(Your objective): I need the lines below from the one with "Passi Knee Shorts" down to the one with "Volvo XC40 2018" reproduced exactly, both ends included, and nothing else.

(Data to process):
========================================
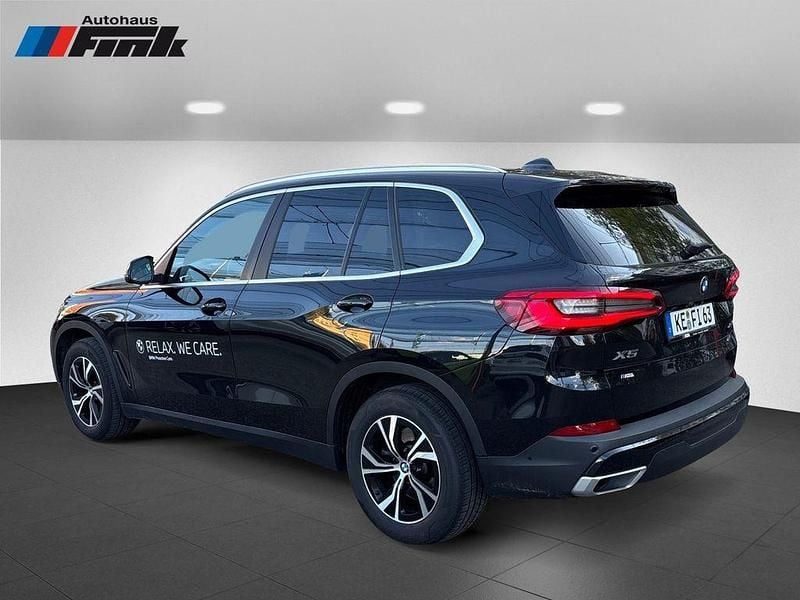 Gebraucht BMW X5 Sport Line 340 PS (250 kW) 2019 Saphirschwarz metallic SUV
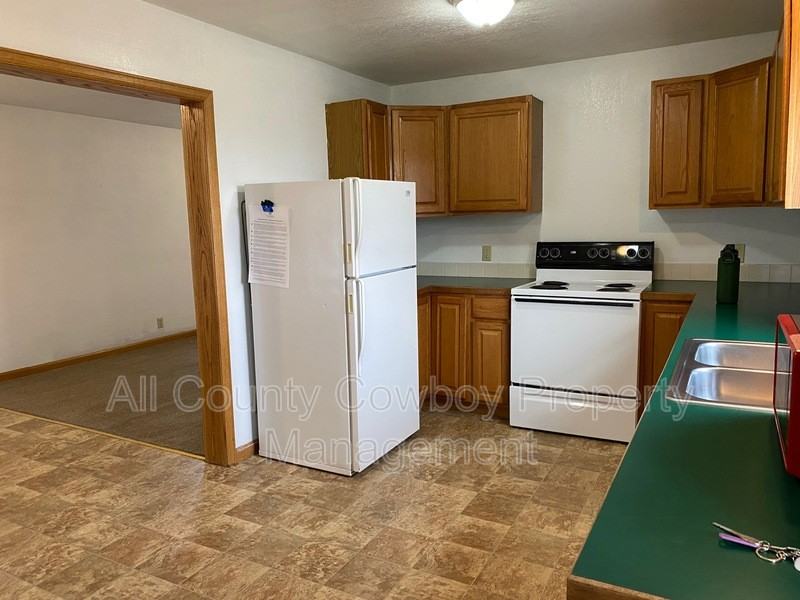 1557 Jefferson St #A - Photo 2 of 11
========================================
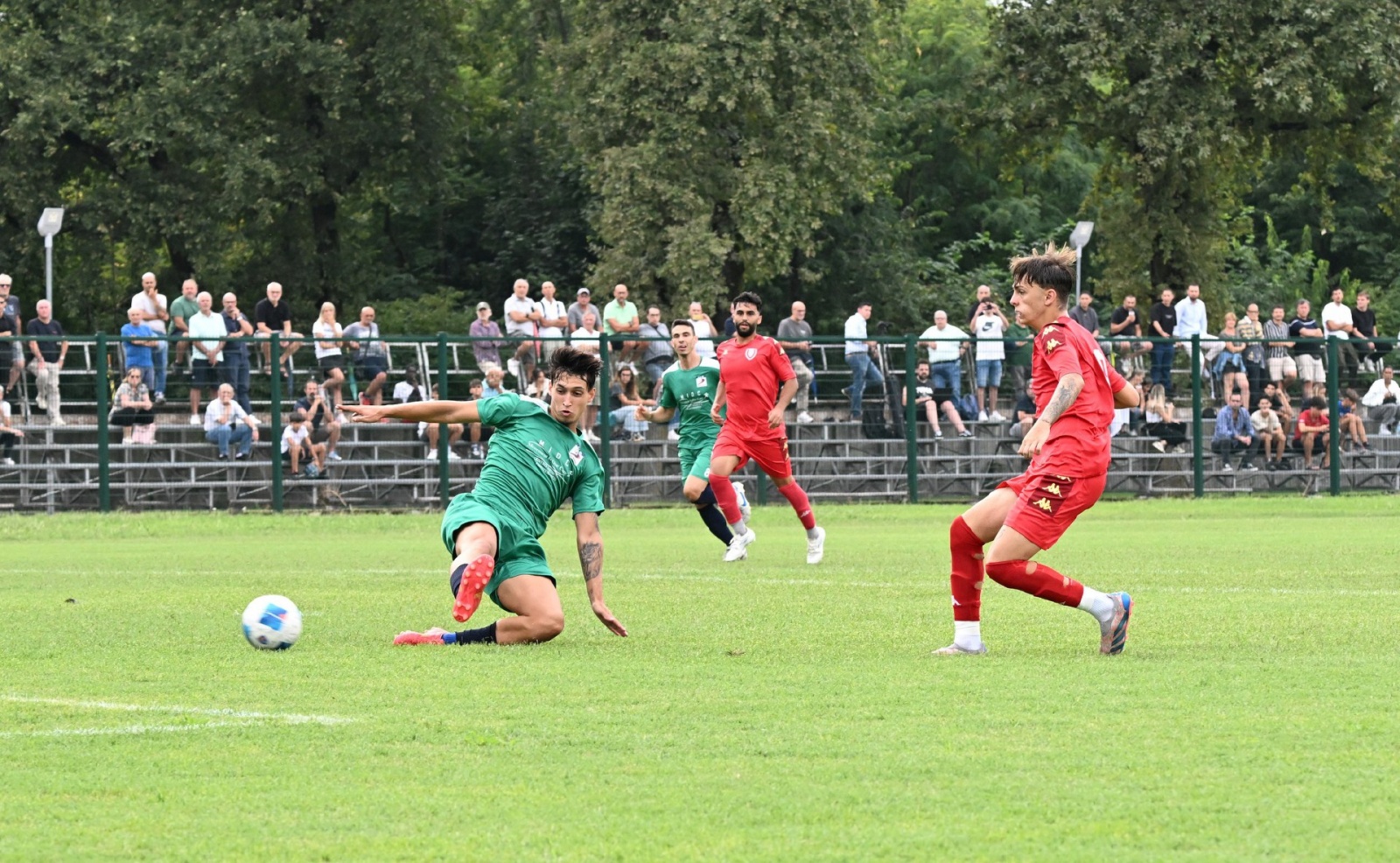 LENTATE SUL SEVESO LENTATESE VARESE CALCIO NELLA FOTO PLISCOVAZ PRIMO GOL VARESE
========================================
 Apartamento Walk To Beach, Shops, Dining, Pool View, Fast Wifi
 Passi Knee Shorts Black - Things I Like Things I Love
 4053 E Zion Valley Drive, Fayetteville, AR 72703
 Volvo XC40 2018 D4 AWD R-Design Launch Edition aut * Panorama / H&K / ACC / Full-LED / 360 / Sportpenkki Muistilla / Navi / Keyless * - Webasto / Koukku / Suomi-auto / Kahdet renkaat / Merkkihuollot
========================================
(Answer to this problem):
 Passi Knee Shorts Black - Things I Like Things I Love
 4053 E Zion Valley Drive, Fayetteville, AR 72703
 Volvo XC40 2018 D4 AWD R-Design Launch Edition aut * Panorama / H&K / ACC / Full-LED / 360 / Sportpenkki Muistilla / Navi / Keyless * - Webasto / Koukku / Suomi-auto / Kahdet renkaat / Merkkihuollot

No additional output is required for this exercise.